## What the task asks:
Repeat every line from the line containing "Used 2022 Maserati Ghibli Modena image 37" to the end of the data, exactly. Leave the pictures out.
+---+
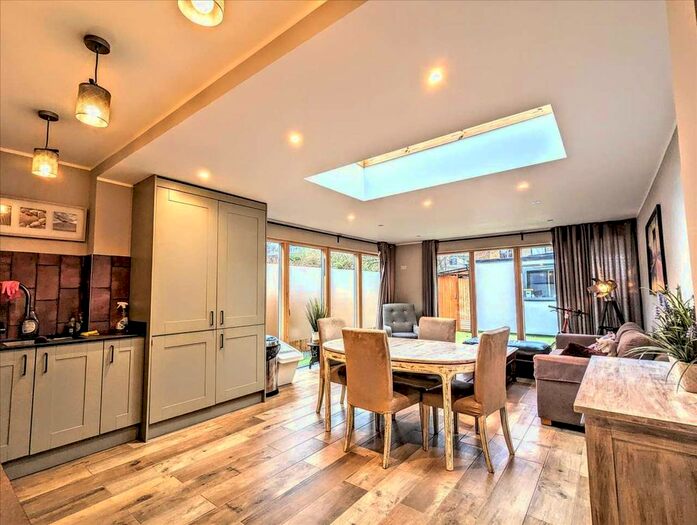 3 Bedroom Flat To Rent In Hamilton Road, London, SW19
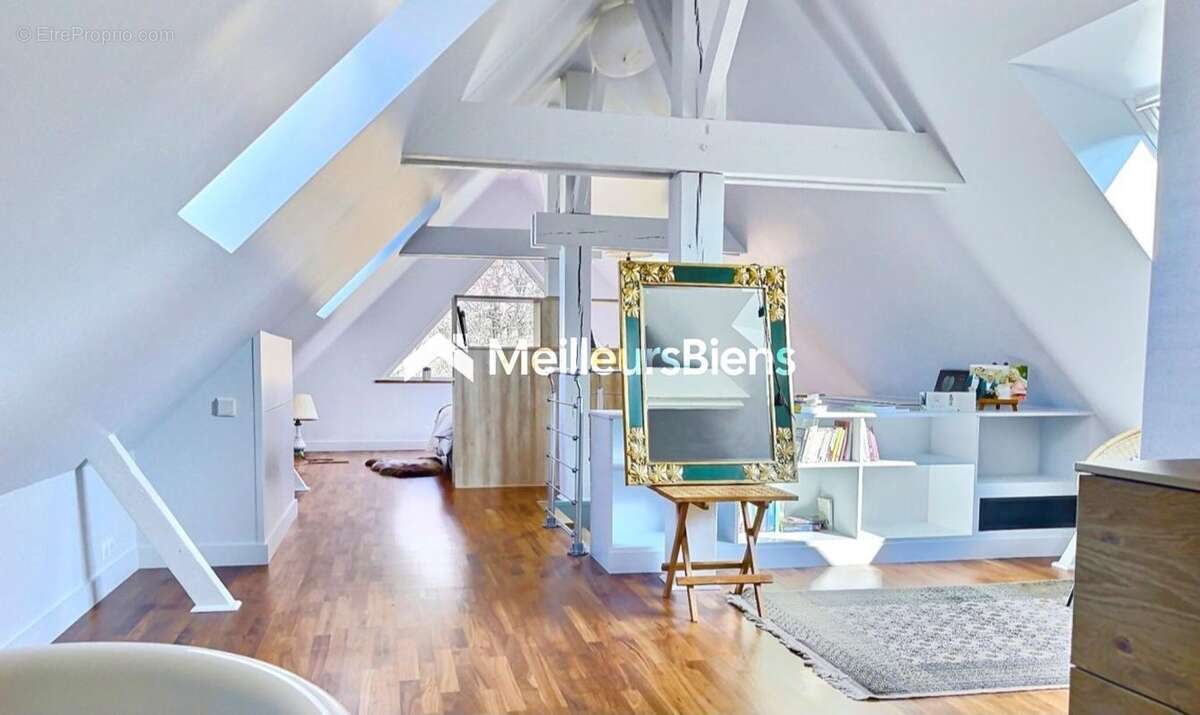 Maison à FEUCHEROLLES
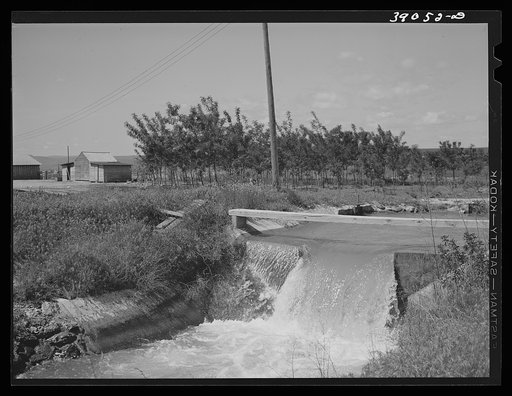 Irrigation ditch and farmstead. Nyssa Heights, Malheur County, Oregon. This is a part of the Vale-Owyhee irrigation project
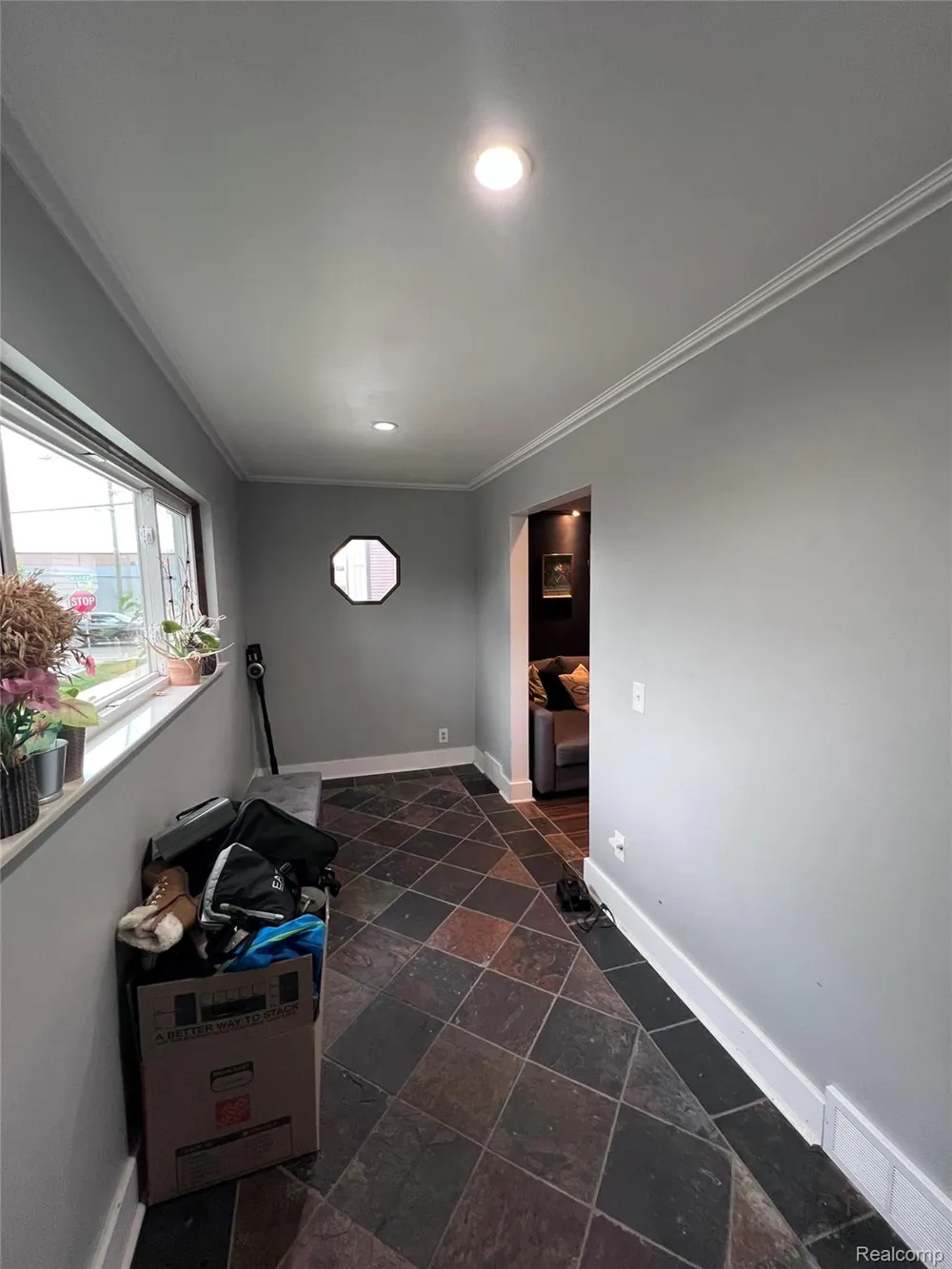 1791 E Saratoga Street Ferndale City, MI 48220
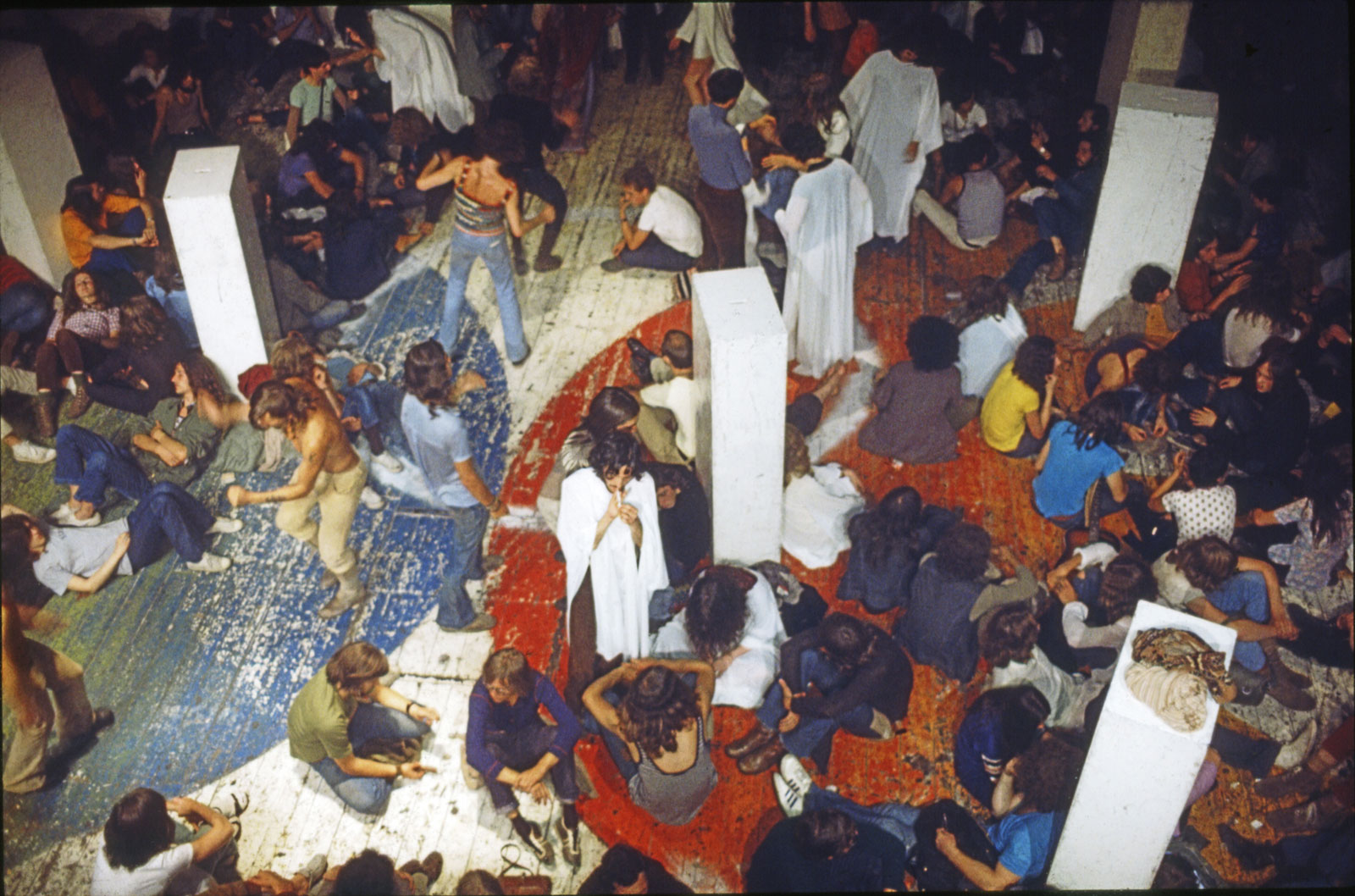 foto: © Adri Hazevoet - Hippiezaal Paradiso,1971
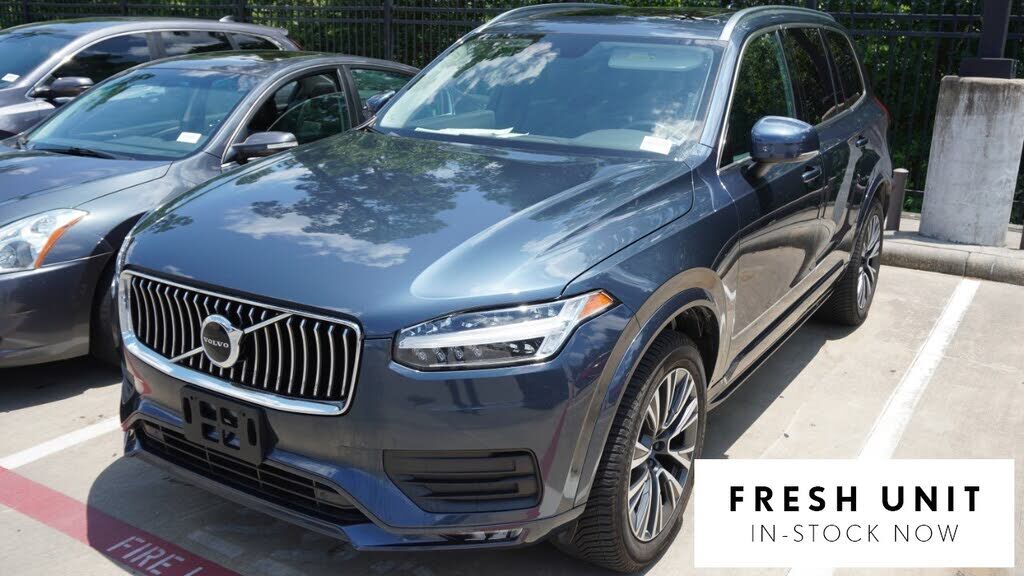 2020 VOLVO XC90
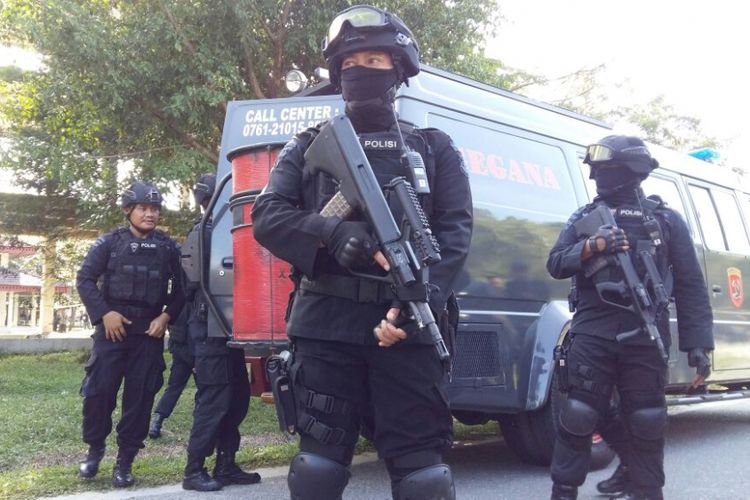 Petugas bersiaga pada saat penggeledahan gelanggang mahasiswa di kampus Universitas Riau terkait dugaan penangkapan teroris, Sabtu (2/6/2018).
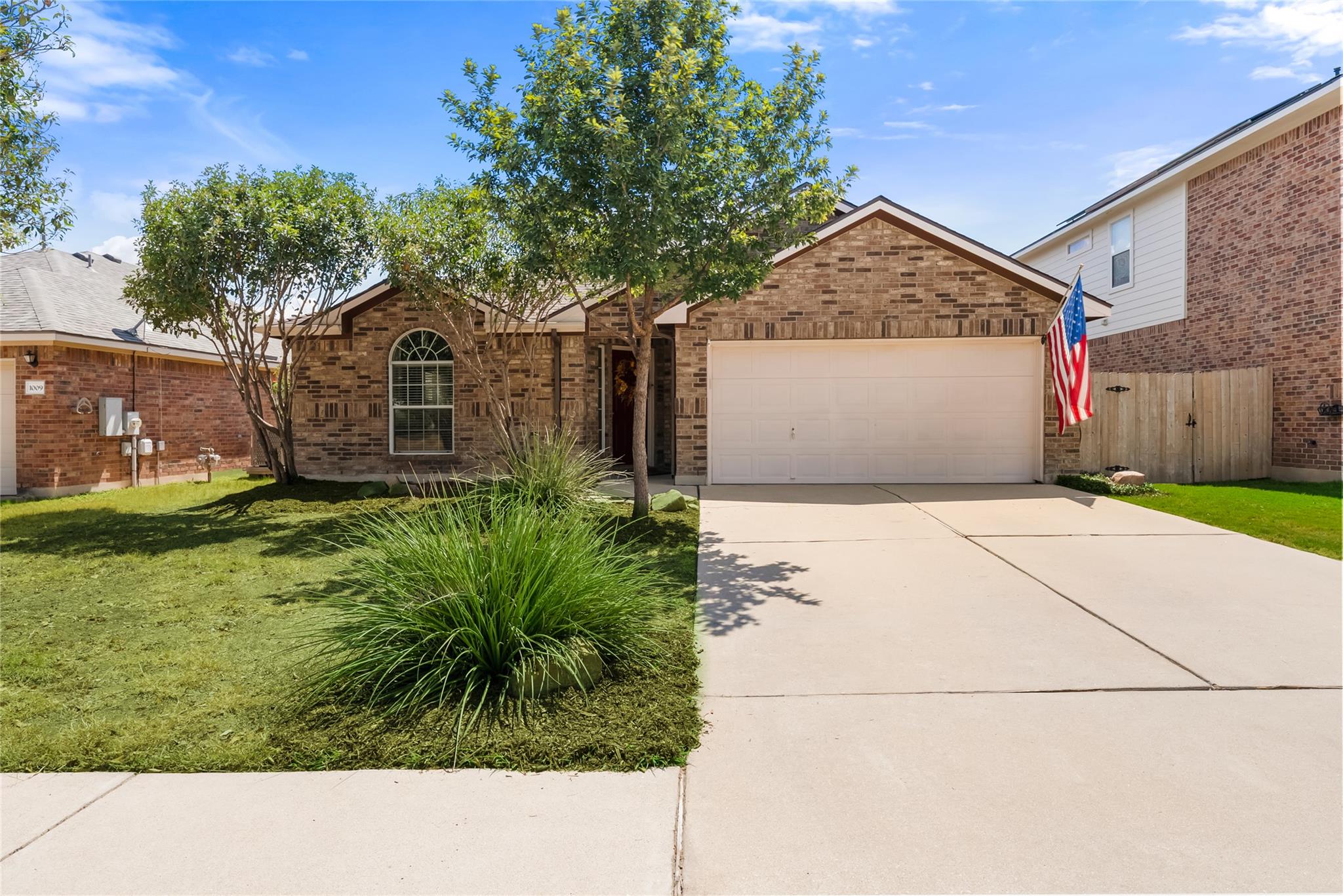 Listing photo 1 of 1005  Zeus Cir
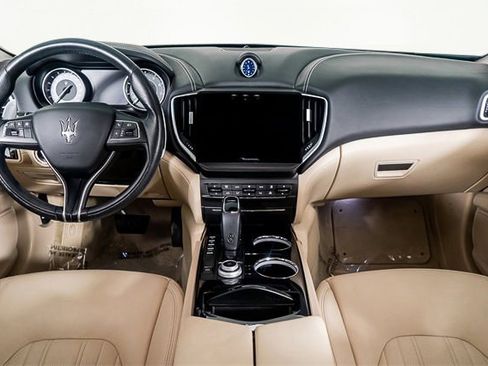 Used 2022 Maserati Ghibli Modena image 37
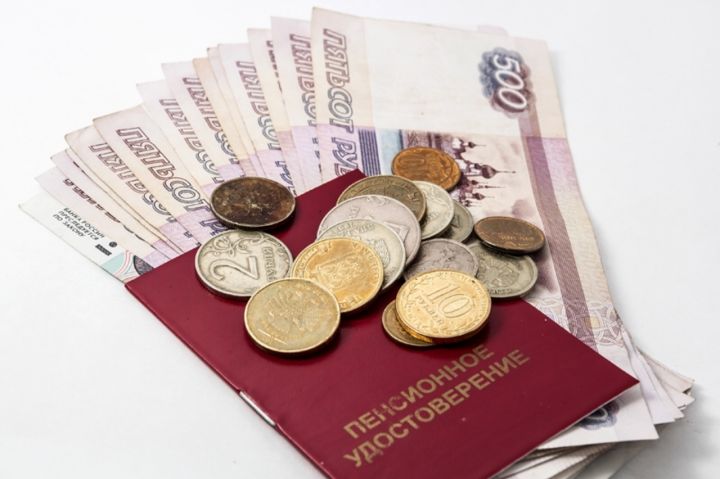 В Свердловске профинансированы пенсии по 24 августа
+---+
## Solution to the exercise:
 Used 2022 Maserati Ghibli Modena image 37
 В Свердловске профинансированы пенсии по 24 августа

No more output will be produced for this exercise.